Before BRORBY, EBEL and HENRY, Circuit Judges.

ORDER AND JUDGMENT* 

BRORBY, Circuit Judge.


After examining the briefs and appellate record, this panel has determined unanimously that oral argument would not materially assist the determination of this appeal. See Fed. R. App. P. 34(a); 10th Cir. R. 34.1.9. The cause is therefore ordered submitted without oral argument.

Mr. Sojka, a Colorado inmate and a pro se litigant, appeals the dismissal of his civil rights complaint which he filed pursuant to 42 U.S.C. § 1983.
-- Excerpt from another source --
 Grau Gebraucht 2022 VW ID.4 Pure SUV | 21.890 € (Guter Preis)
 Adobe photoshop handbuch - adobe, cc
Mr. Sojka sued his alleged victim. According to Mr. Sojka's complaint, Ms. Henderson is a female correctional officer at the penitentiary. She alleged Mr. Sojka took her hostage and that she suffered multiple injuries in which her blood was "all over" her uniform and jacket. Ms. Henderson admitted she had "soaked" and "washed out" the bloodstains on her clothing. She admitted to doing this because "she wasn't thinking." Mr. Sojka sued her for intentionally destroying evidence in an attempt to deprive him of due process and to hide her unspecified criminal actions.
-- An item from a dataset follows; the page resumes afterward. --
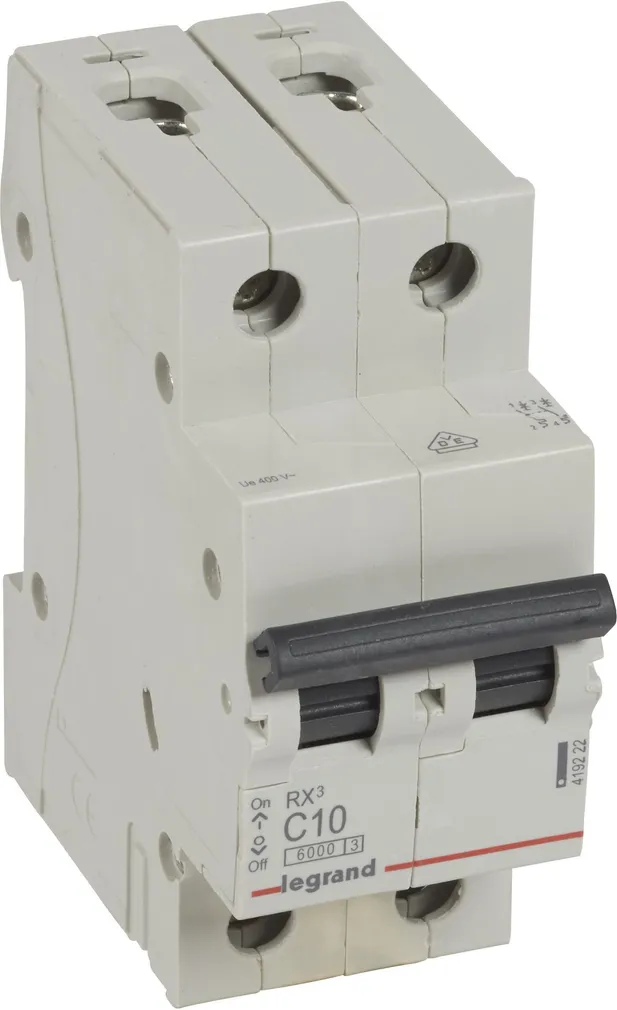 AUTOMAATKAITSE LEGRAND 2F 16A C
The district court, sua sponte, entered a written order dismissing the complaint as legally frivolous pursuant to 28 U.S.C. § 1915(d). The essence of this order is there was no allegation showing the evidence destroyed was exculpatory and there was nothing alleged that would attribute Ms. Henderson's actions to the state. The district court concluded the very best case Mr. Sojka could allege was that the officials who investigated Ms. Henderson's complaint were negligent in allowing her to wash the blood stains out of her uniform.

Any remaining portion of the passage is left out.